Work required »
Your response should contain every line from the data below that holds the string "Free".

-- Opening Marker --

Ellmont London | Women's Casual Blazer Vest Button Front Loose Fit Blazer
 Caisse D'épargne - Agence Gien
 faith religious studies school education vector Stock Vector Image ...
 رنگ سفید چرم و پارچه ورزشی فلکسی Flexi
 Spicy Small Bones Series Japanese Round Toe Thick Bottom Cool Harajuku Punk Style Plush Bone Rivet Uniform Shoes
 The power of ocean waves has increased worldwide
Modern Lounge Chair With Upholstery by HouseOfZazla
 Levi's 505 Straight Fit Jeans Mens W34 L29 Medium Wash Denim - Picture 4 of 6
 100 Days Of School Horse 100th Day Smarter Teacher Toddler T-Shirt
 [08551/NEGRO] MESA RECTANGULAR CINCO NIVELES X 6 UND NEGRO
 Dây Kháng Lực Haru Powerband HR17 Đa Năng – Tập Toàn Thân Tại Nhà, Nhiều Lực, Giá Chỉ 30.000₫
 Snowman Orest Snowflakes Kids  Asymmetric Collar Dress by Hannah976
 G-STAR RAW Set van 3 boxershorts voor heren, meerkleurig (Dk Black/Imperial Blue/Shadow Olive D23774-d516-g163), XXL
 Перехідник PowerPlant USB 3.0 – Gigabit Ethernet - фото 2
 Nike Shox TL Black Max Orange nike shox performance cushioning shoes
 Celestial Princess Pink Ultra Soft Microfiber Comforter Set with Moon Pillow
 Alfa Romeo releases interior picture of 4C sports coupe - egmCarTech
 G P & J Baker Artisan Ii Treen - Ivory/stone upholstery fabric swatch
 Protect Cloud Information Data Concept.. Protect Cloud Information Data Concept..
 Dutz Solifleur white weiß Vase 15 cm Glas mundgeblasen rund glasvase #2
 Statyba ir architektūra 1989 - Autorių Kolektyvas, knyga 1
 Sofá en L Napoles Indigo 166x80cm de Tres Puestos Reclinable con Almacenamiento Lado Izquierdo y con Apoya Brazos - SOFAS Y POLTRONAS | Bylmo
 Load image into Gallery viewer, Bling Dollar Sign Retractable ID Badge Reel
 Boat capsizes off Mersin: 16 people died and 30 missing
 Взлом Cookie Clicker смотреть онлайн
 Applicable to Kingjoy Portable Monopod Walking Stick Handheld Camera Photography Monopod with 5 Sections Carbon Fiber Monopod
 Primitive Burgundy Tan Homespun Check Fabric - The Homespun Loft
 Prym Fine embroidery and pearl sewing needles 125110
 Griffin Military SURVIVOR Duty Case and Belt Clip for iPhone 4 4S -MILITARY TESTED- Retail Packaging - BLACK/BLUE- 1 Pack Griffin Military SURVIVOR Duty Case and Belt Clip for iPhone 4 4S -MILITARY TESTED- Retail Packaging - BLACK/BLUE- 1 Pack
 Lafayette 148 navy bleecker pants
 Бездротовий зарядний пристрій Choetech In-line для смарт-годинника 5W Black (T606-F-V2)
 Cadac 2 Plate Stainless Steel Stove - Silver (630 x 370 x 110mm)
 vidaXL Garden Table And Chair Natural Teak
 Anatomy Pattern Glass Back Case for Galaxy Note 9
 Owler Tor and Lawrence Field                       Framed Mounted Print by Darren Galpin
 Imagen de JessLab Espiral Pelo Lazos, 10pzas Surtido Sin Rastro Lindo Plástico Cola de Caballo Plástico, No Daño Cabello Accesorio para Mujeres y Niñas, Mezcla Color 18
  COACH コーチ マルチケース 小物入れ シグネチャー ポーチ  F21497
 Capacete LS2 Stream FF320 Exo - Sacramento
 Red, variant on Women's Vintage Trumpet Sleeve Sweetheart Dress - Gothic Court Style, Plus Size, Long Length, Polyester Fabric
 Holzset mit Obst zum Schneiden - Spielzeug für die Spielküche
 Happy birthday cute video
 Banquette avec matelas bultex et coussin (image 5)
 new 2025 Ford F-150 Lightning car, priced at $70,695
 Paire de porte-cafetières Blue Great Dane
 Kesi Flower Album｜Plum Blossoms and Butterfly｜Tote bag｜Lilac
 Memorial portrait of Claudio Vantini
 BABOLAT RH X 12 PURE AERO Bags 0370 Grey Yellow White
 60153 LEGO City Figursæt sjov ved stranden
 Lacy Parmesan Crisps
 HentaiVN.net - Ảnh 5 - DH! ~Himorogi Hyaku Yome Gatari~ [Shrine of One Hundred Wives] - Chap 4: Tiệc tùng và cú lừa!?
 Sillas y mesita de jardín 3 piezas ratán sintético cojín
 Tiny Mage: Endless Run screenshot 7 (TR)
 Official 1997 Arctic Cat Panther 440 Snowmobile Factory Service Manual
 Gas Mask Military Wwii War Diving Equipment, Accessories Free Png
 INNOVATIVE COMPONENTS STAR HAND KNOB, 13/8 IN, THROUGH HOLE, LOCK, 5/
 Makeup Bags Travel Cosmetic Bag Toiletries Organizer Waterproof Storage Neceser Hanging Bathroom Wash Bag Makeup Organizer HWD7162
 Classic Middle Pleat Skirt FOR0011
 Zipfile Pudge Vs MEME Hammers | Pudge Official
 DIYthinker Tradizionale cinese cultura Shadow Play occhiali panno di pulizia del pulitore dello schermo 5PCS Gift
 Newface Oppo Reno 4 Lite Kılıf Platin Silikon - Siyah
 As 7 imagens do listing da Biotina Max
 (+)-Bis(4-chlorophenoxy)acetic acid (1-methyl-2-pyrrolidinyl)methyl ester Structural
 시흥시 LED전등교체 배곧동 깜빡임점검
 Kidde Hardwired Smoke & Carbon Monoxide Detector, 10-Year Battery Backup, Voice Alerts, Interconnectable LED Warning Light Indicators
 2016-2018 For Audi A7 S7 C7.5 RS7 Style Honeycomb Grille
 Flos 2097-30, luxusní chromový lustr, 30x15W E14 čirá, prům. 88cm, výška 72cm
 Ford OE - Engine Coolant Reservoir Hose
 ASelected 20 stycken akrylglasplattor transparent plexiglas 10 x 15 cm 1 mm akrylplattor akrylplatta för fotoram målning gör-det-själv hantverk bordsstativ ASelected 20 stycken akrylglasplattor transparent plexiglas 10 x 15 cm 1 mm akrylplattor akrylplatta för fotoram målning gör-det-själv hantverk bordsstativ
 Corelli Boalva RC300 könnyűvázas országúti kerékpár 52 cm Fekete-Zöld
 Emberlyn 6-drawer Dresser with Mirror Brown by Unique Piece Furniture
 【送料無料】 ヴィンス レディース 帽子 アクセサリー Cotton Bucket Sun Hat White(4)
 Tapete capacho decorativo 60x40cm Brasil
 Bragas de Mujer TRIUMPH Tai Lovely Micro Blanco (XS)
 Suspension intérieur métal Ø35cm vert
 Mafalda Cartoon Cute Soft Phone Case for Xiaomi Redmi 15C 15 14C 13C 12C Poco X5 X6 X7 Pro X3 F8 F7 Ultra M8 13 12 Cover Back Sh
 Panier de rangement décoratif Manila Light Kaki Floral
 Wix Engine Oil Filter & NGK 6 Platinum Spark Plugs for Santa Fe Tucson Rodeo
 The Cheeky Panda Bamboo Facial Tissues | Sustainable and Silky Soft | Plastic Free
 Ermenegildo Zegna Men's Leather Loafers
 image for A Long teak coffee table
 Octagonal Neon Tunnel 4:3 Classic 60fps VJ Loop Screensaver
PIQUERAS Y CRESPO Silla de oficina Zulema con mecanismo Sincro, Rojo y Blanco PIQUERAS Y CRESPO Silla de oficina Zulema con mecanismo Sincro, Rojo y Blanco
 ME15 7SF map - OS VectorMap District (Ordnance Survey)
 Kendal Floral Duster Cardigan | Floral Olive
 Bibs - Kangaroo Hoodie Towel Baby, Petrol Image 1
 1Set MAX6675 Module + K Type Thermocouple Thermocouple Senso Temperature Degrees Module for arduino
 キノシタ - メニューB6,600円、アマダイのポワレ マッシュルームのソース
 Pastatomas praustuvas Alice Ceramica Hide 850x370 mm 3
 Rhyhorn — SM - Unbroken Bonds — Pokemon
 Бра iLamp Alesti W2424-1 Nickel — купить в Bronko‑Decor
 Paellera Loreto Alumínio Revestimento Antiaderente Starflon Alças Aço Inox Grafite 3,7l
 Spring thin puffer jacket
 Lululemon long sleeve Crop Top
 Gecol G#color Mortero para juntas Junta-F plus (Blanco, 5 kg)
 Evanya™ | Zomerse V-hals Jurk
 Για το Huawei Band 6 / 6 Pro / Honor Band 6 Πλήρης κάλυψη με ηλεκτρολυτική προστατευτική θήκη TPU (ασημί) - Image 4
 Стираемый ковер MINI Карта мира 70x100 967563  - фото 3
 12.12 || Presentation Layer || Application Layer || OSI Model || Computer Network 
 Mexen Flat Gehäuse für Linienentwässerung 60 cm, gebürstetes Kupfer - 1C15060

-- Closing Marker --

Final answer »
 Gas Mask Military Wwii War Diving Equipment, Accessories Free Png
 The Cheeky Panda Bamboo Facial Tissues | Sustainable and Silky Soft | Plastic Free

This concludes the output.